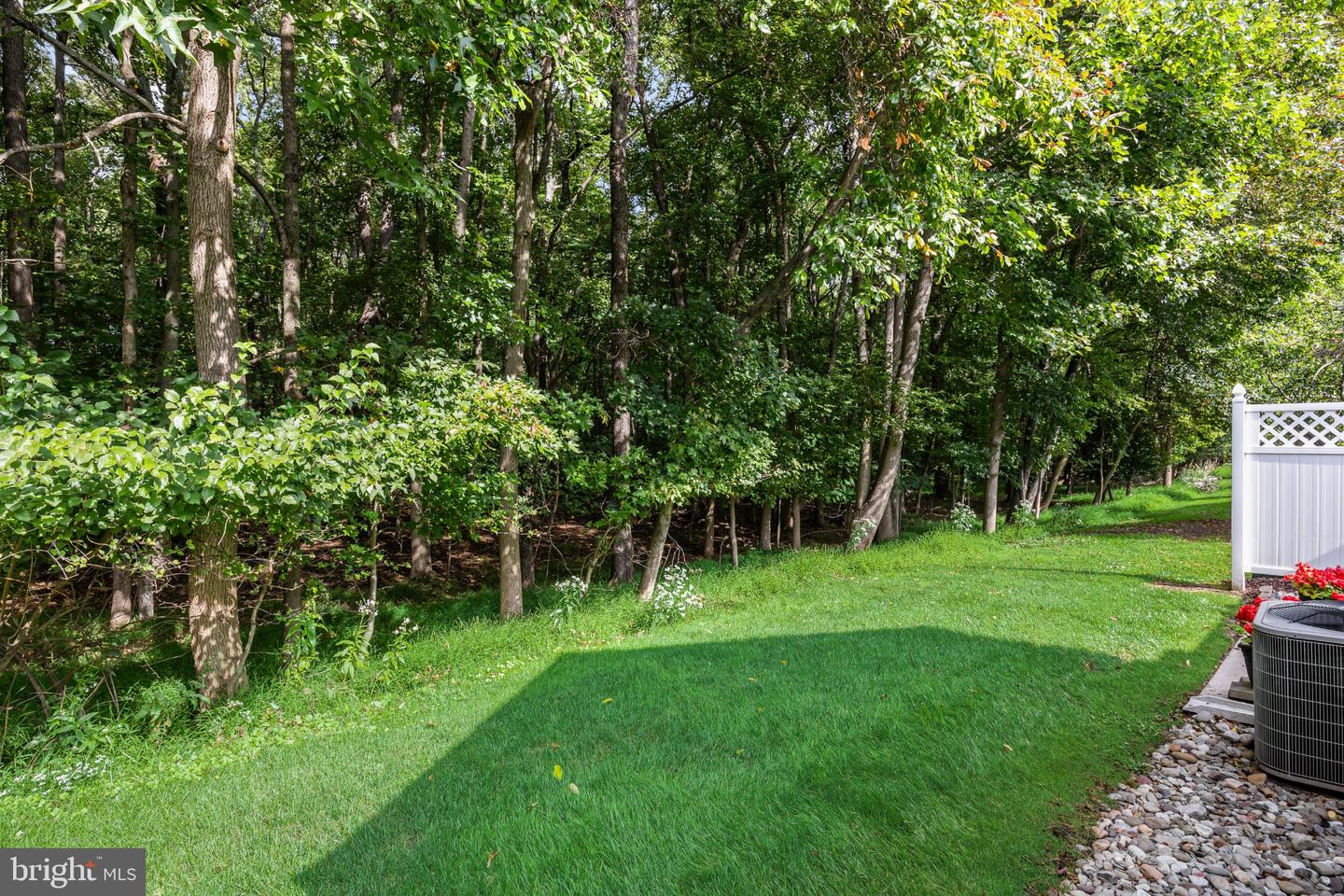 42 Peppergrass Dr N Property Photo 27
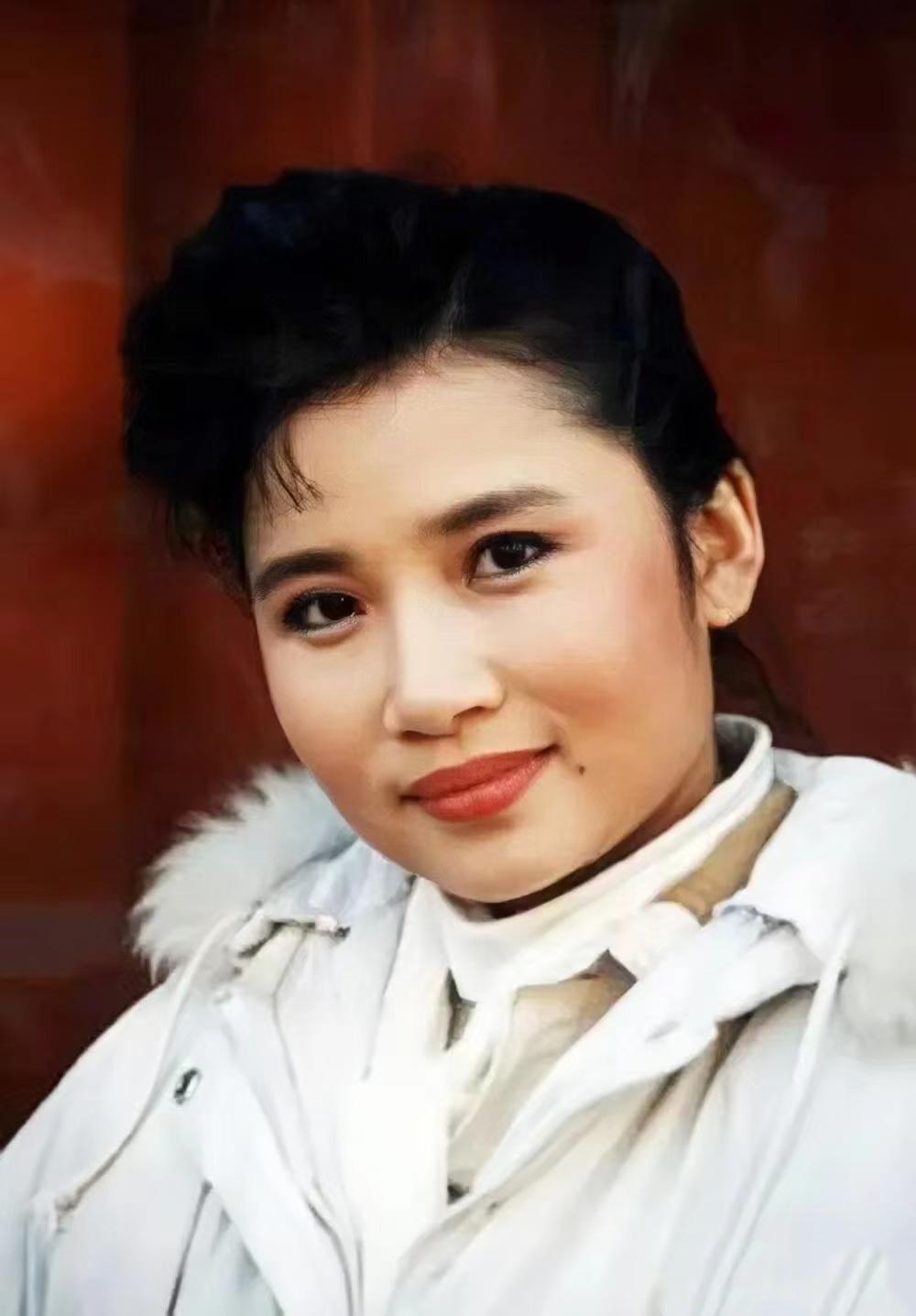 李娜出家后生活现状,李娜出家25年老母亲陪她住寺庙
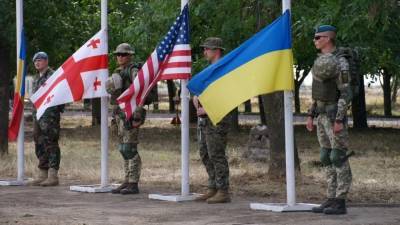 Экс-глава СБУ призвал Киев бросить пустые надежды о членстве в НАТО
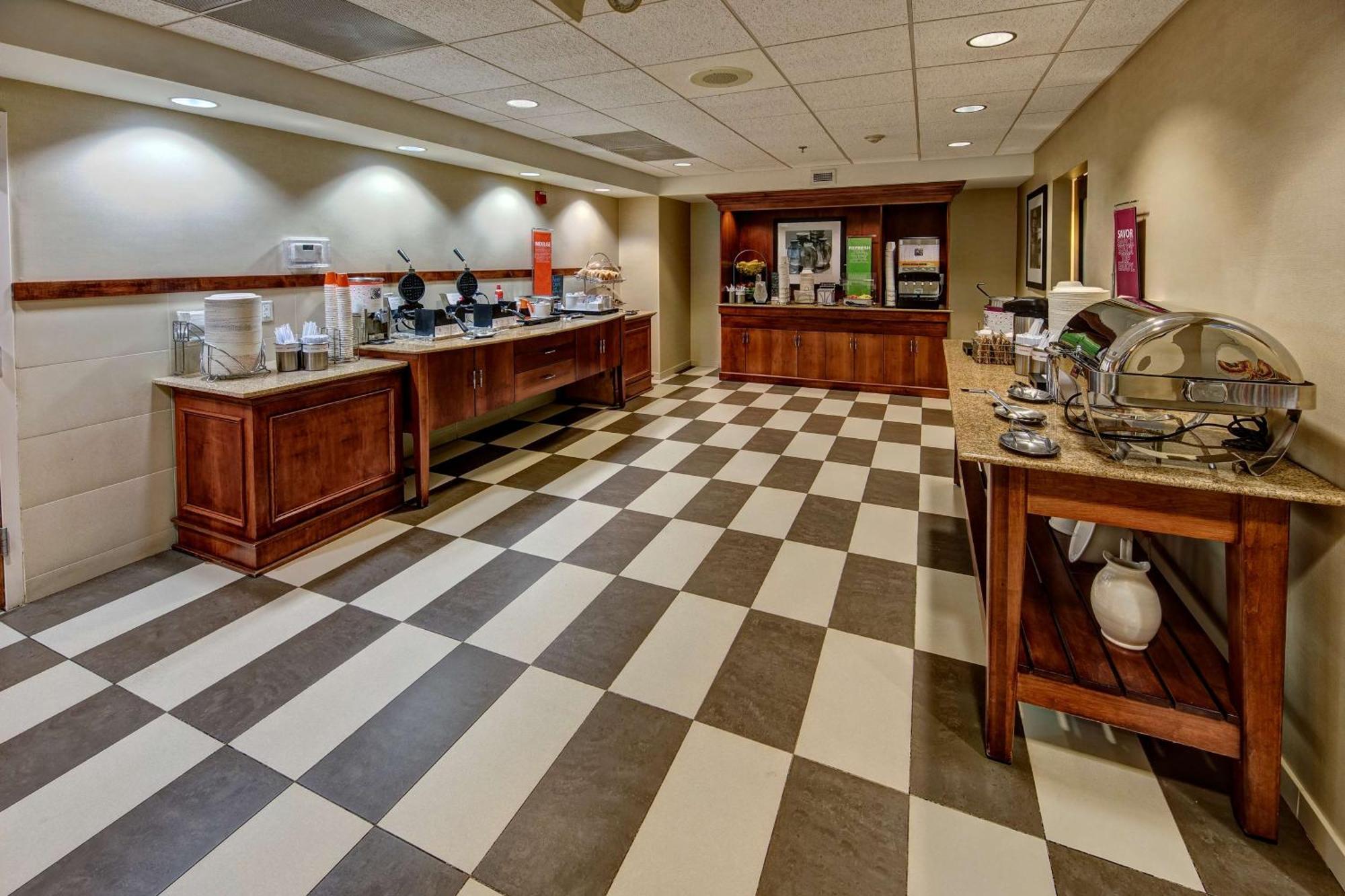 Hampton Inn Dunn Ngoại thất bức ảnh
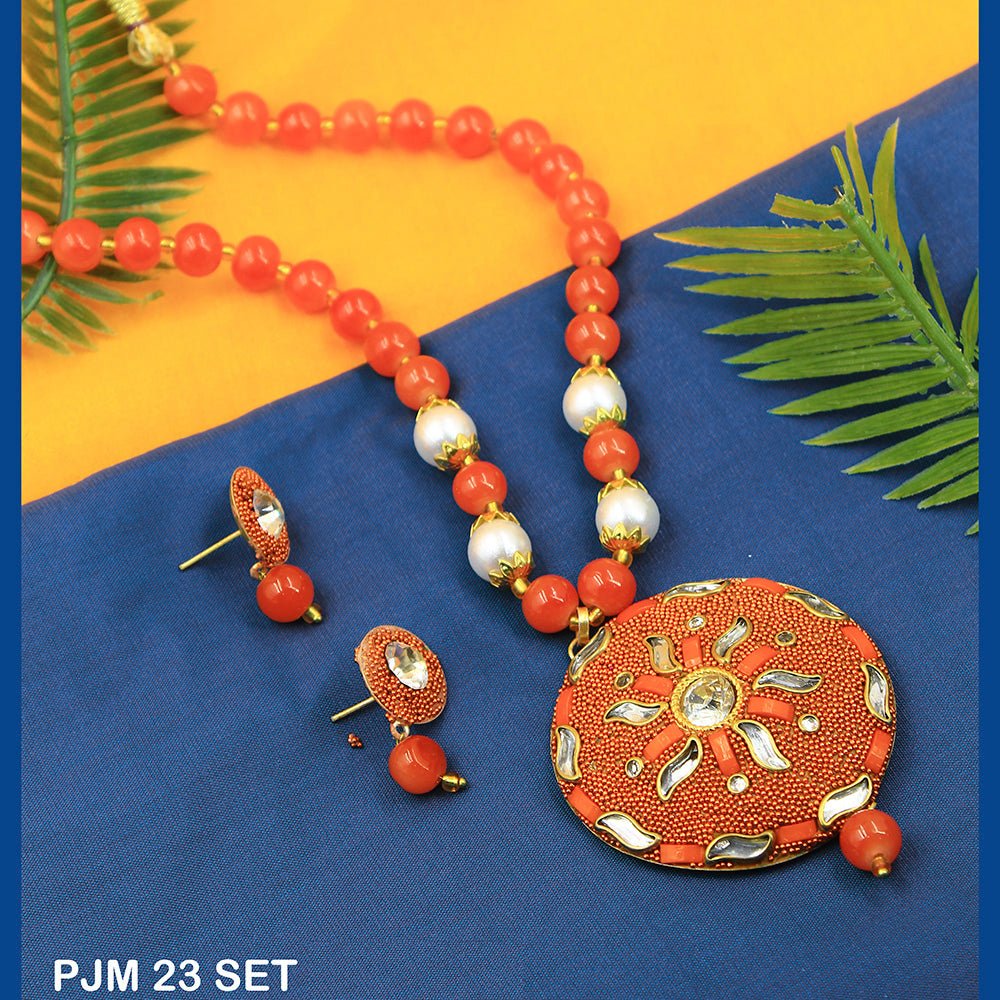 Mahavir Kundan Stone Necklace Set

▶ _Task details_:
Only an exact copy of the lines from the one with "Экс-глава СБУ призвал" through the last line of the listing should be given; pictures must not be included.

▶ _Reply to the exercise_:
 Экс-глава СБУ призвал Киев бросить пустые надежды о членстве в НАТО
 Hampton Inn Dunn Ngoại thất bức ảnh
 Mahavir Kundan Stone Necklace Set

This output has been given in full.